E poi l’appello ai giornalisti “che hanno più potere dei politici” affinché venga restituita la giusta immagine di Perugia perché: “Il fenomeno della droga esiste ma le statistiche sono ingannevoli – ha affermato il prefetto – altrove molte morti sono classificate come naturali, qui voi con l’efficienza della vostra sanità risalite sempre alle cause e allora il dato delle overdose sembra maggiore che altrove. Introdurre metodologie uniformi di rilevazione soprattutto dei decessi per overdose eviterebbe molte distorsioni”. E rispetto al tipo di criminalità “a Perugia prende piede quella straniera perché a differenza di altre città non ve ne era una autoctona” prefetto e procuratore hanno anche negato che in Umbria ci siano infiltrazioni della criminalità organizzata e rimarcano il fatto che “Ci sono dei tentativi di infiltrazione – ha sottolineato il procuratore Galati – ma le operazioni dimostrano che vengono bloccate sul nascere, le stronchiamo prima. Vengono individuate e bloccate”. Anche Reppucci ammette di avvertire dei tentativi: “La crisi ha provocato anche questo, la criminalità che ha soldi da investire trova terreno facile nelle aziende in difficoltà, dobbiamo fare attenzione”.

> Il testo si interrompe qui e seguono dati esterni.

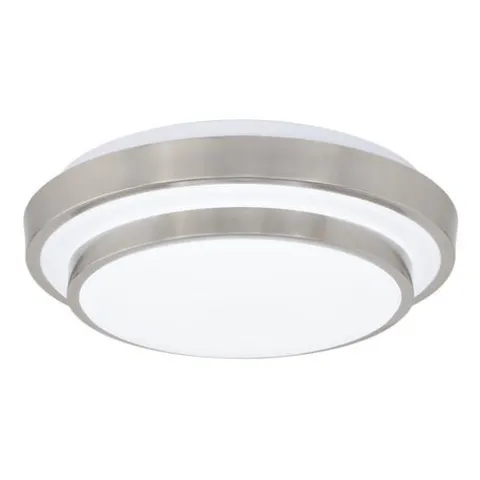 Cheapest Patriot Lighting® Helos Satin Nickel Led Flush Mount Ceiling Light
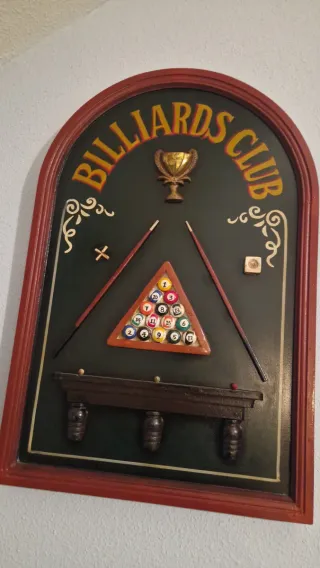 Mesa de billar americana y francesa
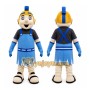 Blue Knight Mascot Spartan Trojan Mascot Costume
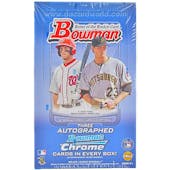 2012 Bowman Baseball Jumbo Box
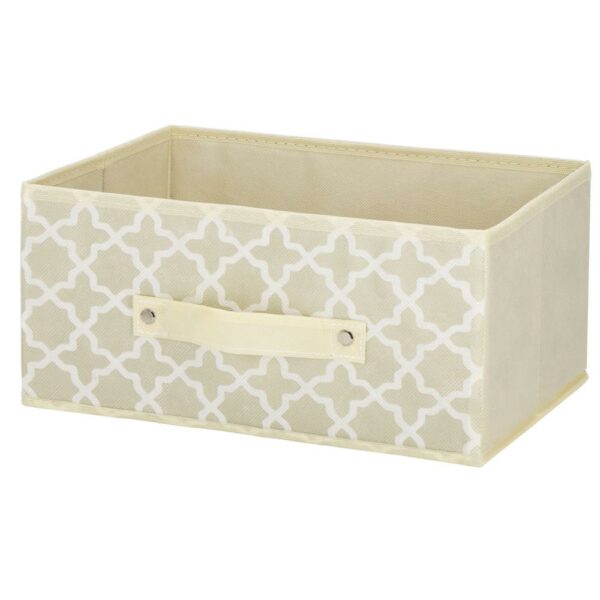 Organizator dulap tip lada cu 3 sertare, 31x31x22cm, cu model, bej - Image 13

E sul consumo indigeno il prefetto punta molto. Per far capire una volta per tutte che gran parte dei consumatori della droga in circolazione “sono i nostri figli, i nostri vicini di casa, i professionisti a cui quotidianamente ci rivolgiamo”. Conclusione: Il nemico non viene da fuori, ma è al servizio di un bisogno interno e da questo bisogna partire per risolvere il problema, per la legge della domanda offerta. Non una frittata rigirata, piuttosto un punto di vista sul problema che vorrebbe spingere ad una diversa presa di coscienza e la minor facilità di scrollarselo di dosso come se provenisse dall’esterno. Il problema è endogeno e chiedendo alle famiglie di guardare negli occhi i propri figli il prefetto ha fatto molto più che una provocazione. Certo è che se il ruolo ricoperto dalla figura istituzionale, di solito, prevede un linguaggio politicamente corretto, in questo caso quello usato a Perugia ha il sapore della vera e propria Crociata, o se volete, una “Sfida all’O.K. Corral”. Difficile che dichiarazioni del genere non suscitino reazioni.